The solidity that Kalas provides in that back four has allowed Jokanovic to become slightly more adventurous, even in the big contests. So complete was the 6ft 1/2in centre back’s nullification of Hogan’s threat that Kevin McDonald’s deployment as the single holding midfielder never really posed a problem and the powerful, overlapping runs of both full backs offered the genuine width that Fulham have sometimes lacked. Kalas’ reading of the game – he made two interceptions, one block and nine successful clearances – is often overlooked when people list his attributes, but it often allows swift redistribution of the ball to a midfield that now comprises a host of playmakers.

Kalas’ position as the first choice centre back was only enhanced by his period out of the team – when dreadful defensive blunders saw Fulham lose twice to Bristol City, contrive to be beaten at home having dominated QPR and slip up in an even game at Villa Park – and his assertiveness makes the timely return from injury a welcome one. Although he isn’t tall by modern standards, Kalas didn’t lose a single aerial duel at Brentford and his positioning was spot on to repel a number of second half crosses. There are certainly encouraging signs, too, that his partnership with Ragnar Sigurdsson is gelling nicely – and given that he had struck up a good bond with Michael Madl in the early part of the campaign, that bodes well for the remainder of the season.
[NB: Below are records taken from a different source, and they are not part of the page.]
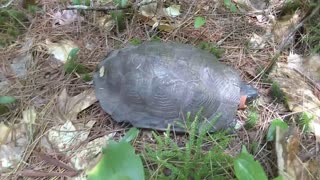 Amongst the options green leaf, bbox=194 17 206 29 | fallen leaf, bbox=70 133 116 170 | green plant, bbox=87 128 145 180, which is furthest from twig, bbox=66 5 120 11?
green plant, bbox=87 128 145 180

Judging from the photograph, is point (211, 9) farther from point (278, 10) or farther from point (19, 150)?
point (19, 150)

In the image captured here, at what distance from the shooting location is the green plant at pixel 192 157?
160 centimetres

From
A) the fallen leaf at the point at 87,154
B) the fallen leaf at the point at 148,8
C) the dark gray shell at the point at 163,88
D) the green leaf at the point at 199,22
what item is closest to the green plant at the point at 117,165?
the fallen leaf at the point at 87,154

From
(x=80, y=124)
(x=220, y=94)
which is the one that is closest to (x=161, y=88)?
(x=220, y=94)

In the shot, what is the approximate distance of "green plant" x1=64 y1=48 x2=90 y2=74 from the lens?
2.09 meters

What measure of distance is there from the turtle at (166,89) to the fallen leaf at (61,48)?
326 millimetres

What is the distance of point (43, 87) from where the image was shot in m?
2.07

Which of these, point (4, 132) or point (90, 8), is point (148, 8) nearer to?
point (90, 8)

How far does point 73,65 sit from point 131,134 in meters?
0.52

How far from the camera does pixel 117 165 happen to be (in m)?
1.14

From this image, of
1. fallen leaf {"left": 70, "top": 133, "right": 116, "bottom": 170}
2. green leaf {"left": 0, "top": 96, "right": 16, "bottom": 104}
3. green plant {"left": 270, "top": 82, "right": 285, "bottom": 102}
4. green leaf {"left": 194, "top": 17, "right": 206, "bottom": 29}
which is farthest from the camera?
green leaf {"left": 194, "top": 17, "right": 206, "bottom": 29}

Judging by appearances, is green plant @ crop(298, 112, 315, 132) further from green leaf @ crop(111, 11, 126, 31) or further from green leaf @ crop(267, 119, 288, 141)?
green leaf @ crop(111, 11, 126, 31)

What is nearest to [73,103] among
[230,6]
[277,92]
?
[277,92]

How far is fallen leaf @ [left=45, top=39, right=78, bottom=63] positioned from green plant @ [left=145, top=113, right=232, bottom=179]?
73 cm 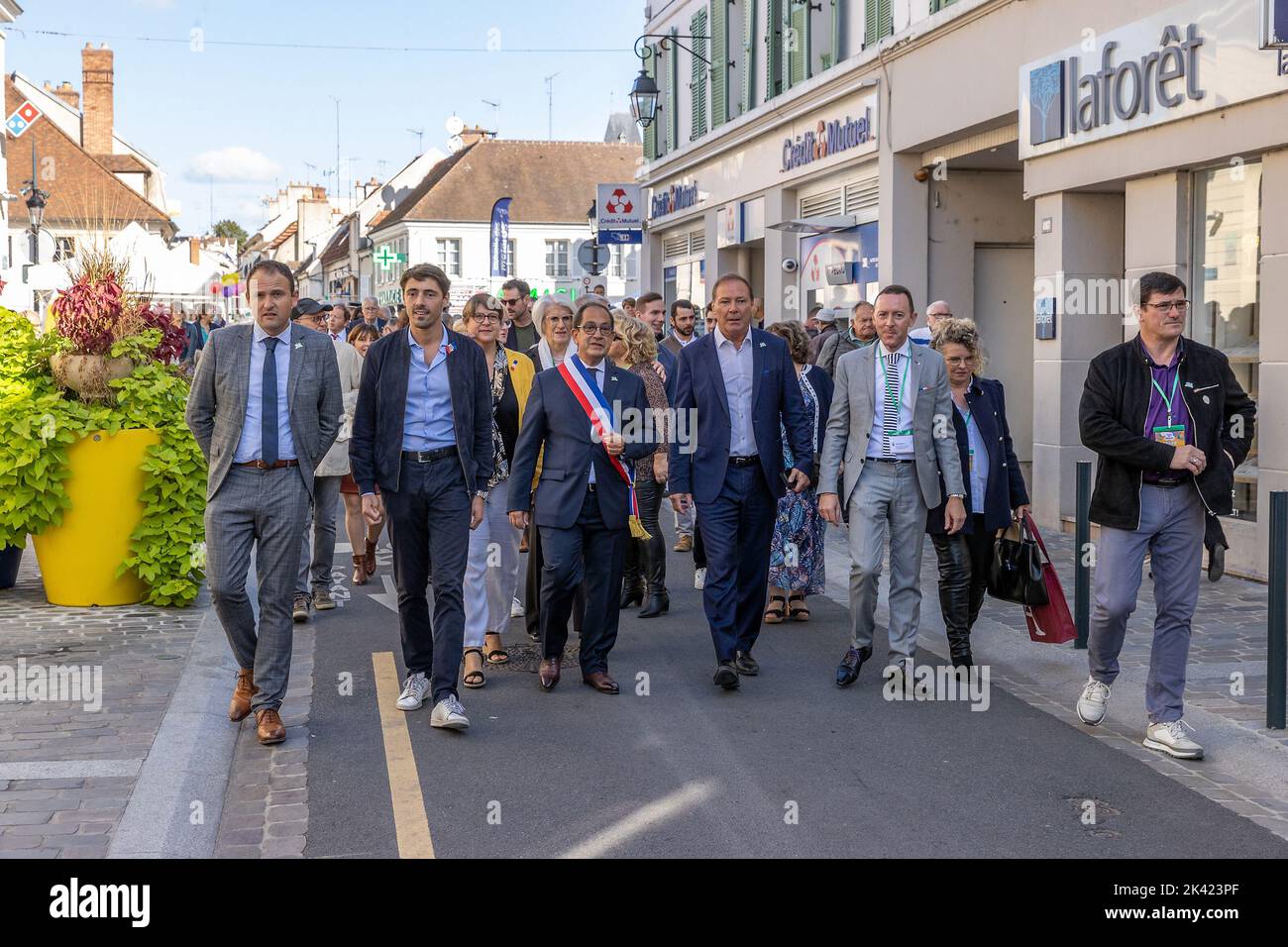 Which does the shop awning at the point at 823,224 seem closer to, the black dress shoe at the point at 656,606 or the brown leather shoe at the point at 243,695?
the black dress shoe at the point at 656,606

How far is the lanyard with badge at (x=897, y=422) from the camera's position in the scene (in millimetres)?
7465

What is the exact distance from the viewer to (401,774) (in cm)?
596

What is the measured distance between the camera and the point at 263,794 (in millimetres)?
5715

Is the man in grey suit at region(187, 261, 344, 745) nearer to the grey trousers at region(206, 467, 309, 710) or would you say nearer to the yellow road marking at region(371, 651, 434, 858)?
the grey trousers at region(206, 467, 309, 710)

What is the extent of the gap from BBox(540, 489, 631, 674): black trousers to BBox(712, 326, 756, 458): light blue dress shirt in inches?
29.2

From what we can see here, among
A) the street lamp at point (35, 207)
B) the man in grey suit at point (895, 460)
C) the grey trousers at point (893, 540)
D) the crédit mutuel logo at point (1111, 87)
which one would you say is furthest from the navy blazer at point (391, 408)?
the street lamp at point (35, 207)

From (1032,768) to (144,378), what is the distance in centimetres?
632

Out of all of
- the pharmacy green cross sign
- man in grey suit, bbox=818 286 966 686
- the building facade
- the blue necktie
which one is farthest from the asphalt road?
the pharmacy green cross sign

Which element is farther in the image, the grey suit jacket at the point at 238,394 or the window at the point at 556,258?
the window at the point at 556,258

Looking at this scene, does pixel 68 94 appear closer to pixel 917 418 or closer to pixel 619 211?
pixel 619 211

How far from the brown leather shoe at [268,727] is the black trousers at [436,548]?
2.35 feet

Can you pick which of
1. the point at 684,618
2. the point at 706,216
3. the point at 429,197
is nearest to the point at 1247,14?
the point at 684,618

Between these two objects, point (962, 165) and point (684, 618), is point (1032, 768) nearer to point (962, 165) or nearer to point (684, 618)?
point (684, 618) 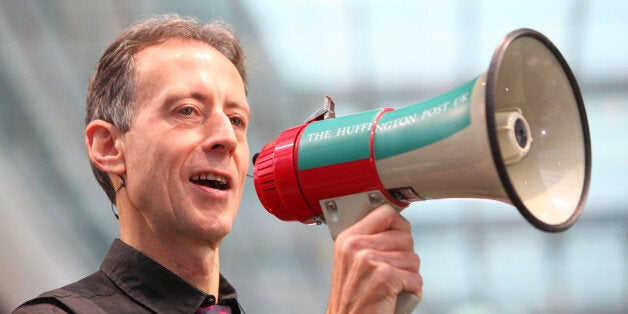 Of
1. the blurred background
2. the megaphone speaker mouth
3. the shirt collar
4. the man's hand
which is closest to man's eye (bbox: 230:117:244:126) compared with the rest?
the shirt collar

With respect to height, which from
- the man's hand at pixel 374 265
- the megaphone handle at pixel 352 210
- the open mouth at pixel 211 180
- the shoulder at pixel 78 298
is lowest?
the shoulder at pixel 78 298

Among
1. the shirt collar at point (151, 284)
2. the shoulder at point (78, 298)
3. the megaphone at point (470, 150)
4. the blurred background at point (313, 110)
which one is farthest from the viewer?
the blurred background at point (313, 110)

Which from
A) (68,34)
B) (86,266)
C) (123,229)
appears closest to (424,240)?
(86,266)

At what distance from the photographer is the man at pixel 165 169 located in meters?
1.89

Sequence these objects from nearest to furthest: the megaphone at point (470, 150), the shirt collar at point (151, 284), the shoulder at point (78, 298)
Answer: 1. the megaphone at point (470, 150)
2. the shoulder at point (78, 298)
3. the shirt collar at point (151, 284)

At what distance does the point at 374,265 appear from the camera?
1545 millimetres

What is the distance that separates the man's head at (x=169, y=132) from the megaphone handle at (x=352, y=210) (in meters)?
0.30

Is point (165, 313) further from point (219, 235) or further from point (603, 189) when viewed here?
point (603, 189)

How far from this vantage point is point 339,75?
678 cm

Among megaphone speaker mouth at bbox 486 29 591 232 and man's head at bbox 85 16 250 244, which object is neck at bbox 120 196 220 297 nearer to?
man's head at bbox 85 16 250 244

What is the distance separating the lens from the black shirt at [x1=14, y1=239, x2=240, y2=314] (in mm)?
1836

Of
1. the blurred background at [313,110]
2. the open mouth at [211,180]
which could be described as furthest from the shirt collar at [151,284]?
the blurred background at [313,110]

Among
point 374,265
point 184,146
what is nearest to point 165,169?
point 184,146

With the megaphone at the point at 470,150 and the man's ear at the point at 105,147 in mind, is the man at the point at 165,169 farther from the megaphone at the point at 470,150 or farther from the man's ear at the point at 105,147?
the megaphone at the point at 470,150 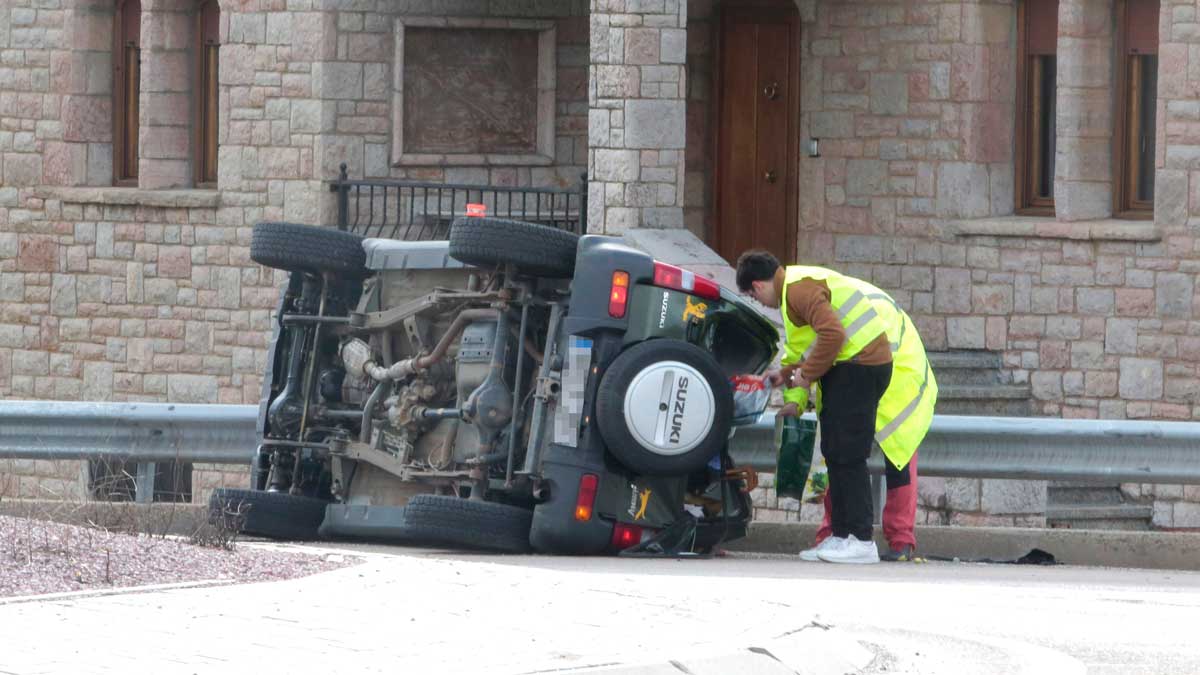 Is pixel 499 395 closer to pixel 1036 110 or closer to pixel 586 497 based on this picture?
pixel 586 497

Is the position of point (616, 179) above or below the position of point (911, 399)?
above

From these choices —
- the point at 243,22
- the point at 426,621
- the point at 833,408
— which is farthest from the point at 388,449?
the point at 243,22

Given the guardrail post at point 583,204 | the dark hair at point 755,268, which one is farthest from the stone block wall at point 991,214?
the dark hair at point 755,268

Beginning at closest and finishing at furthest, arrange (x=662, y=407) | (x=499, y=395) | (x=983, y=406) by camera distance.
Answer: (x=662, y=407)
(x=499, y=395)
(x=983, y=406)

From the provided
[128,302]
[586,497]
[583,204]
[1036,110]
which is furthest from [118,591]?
[128,302]

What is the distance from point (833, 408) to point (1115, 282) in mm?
6099

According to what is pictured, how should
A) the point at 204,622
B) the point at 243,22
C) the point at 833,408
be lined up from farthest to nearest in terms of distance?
the point at 243,22 < the point at 833,408 < the point at 204,622

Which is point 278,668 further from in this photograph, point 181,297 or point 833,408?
point 181,297

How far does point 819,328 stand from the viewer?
10.4 metres

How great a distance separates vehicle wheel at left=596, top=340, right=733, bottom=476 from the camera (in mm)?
10062

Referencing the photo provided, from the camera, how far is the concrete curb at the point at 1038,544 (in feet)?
35.7

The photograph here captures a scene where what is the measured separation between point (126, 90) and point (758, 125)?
5.55 meters

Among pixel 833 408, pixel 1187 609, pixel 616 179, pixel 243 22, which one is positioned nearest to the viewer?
pixel 1187 609

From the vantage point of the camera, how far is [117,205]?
20125 mm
What the future holds for the highly-rated Kalas remains to be seen. He has been scathing about his previous use by his parent club – once telling a Czech radio station that he was used as ‘a player for training sessions. If they need a cone they put me there instead’ – and hinted that he might be time to move on from Stamford Bridge permanently before his loan move this summer. Chelsea were reportedly close to agreeing a fee with Middlesbrough for his permanent transfer, but for the moment this latest loan deal has Fulham reaping the rewards of procuring a talented player eager to prove his worth.